Problem to work on: Please reproduce the data exactly, excluding any pictures it contains.

Recorded information:

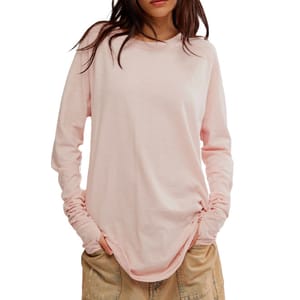 A woman is wearing a light pink long-sleeve shirt with a casual fit and tan pants with a paint-splatter design.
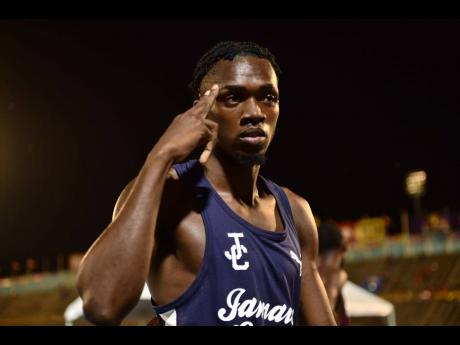 Jamaica College's Kemarrio Bygrave displays confidence after winning his heat in the boys' Class 1 800 metres at the ISSA/GraceKennedy Boys and Girls' Athletics Championships inside the National Stadium this evening.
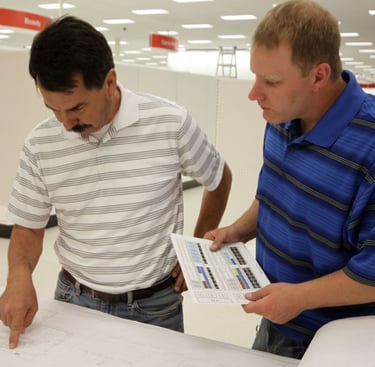 Two technicians in a retail setting reviewing printed documents together.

Result:
 A woman is wearing a light pink long-sleeve shirt with a casual fit and tan pants with a paint-splatter design.
 Jamaica College's Kemarrio Bygrave displays confidence after winning his heat in the boys' Class 1 800 metres at the ISSA/GraceKennedy Boys and Girls' Athletics Championships inside the National Stadium this evening.
 Two technicians in a retail setting reviewing printed documents together.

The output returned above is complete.